───── DATA RECORDS

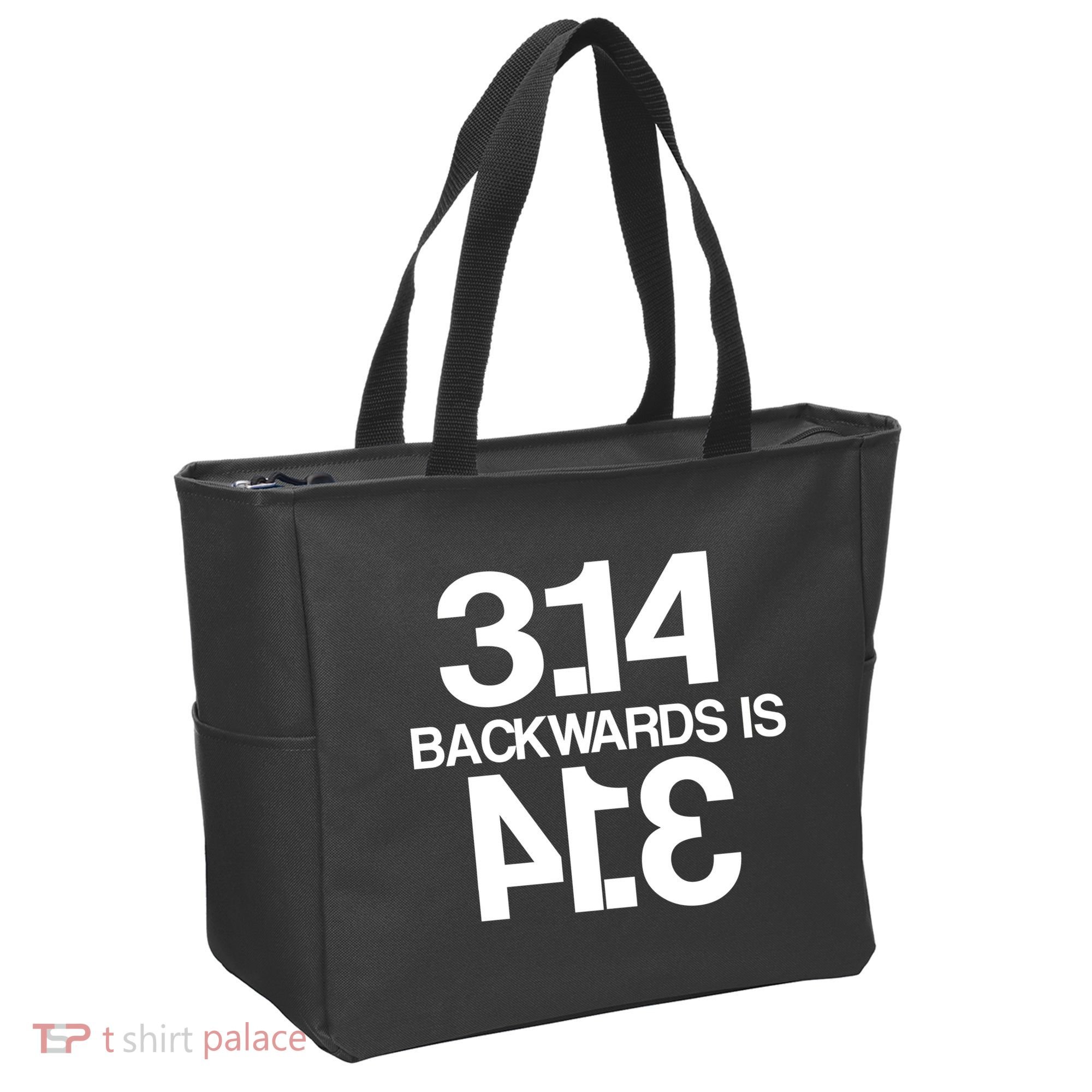 Pi 3.14 Backwards Is Pie Tote Bag
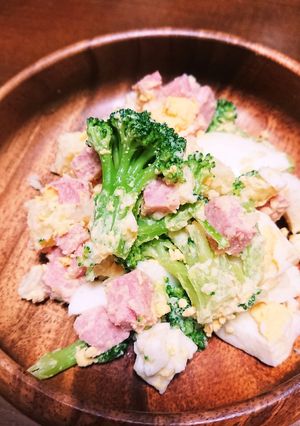SPAMと卵とブロッコリーのポテトサラダ-レシピのメイン写真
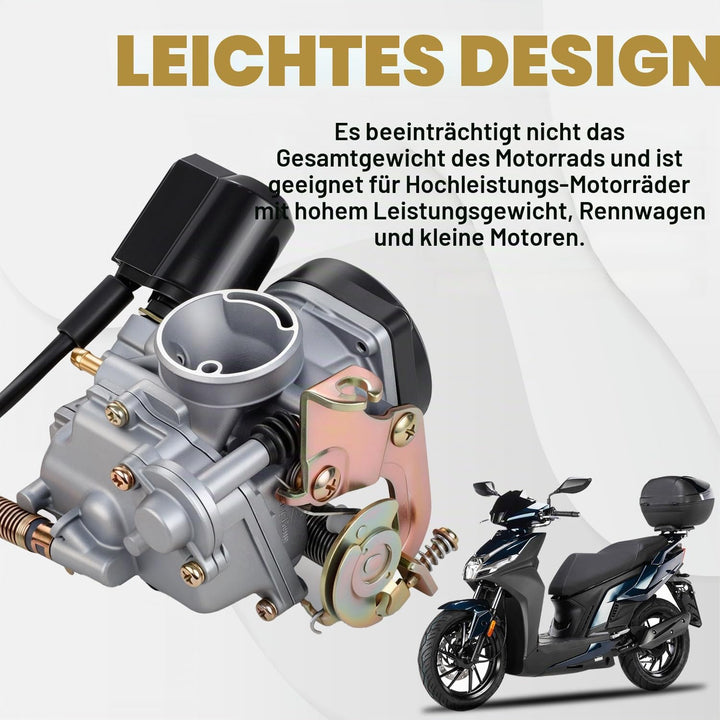 JFG RACING 18 mm CVK PD18J Vergaser für 4-Takt GY6 50CC 139QMB 139QMA Scooter Jonway Baja Jmstar Lan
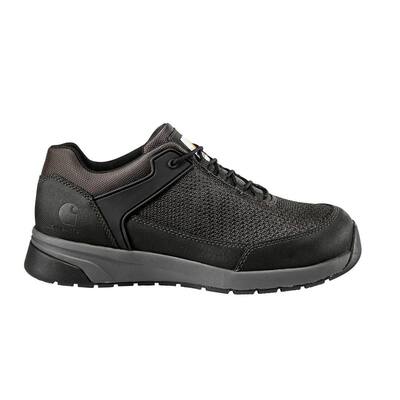 Men's Force - Slip Resistant Athletic Work Shoe - Nano Composite Toe - Black - Size (14W)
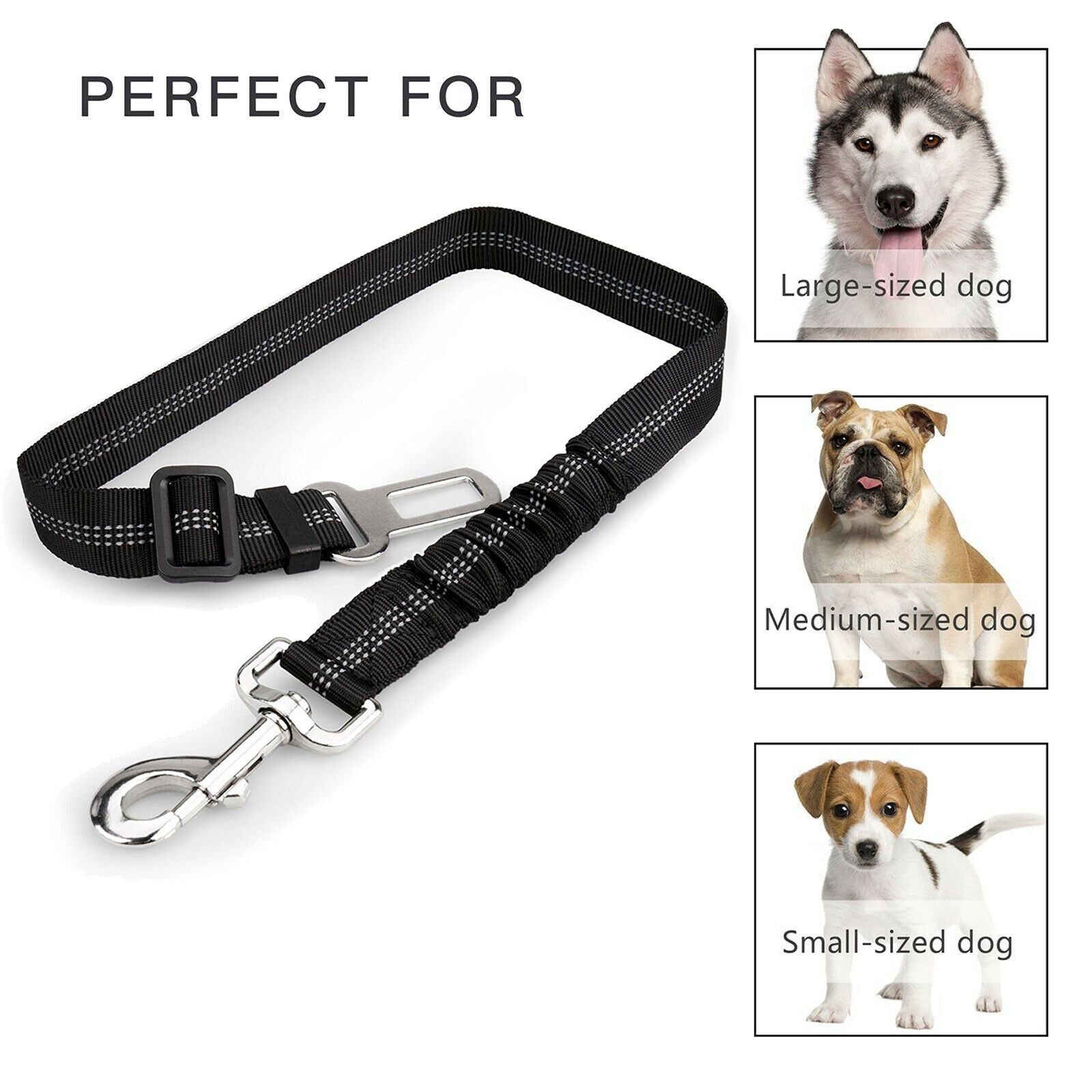 Adjustable Reflective Anti-Shock Pet Seat Belt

──────────

• **PROBLEM TO SOLVE**
Return the material in full, word for word, and skip the pictures.

• **ANSWER TO THIS EXERCISE**
 Pi 3.14 Backwards Is Pie Tote Bag
SPAMと卵とブロッコリーのポテトサラダ-レシピのメイン写真
 JFG RACING 18 mm CVK PD18J Vergaser für 4-Takt GY6 50CC 139QMB 139QMA Scooter Jonway Baja Jmstar Lan
 Men's Force - Slip Resistant Athletic Work Shoe - Nano Composite Toe - Black - Size (14W)
 Adjustable Reflective Anti-Shock Pet Seat Belt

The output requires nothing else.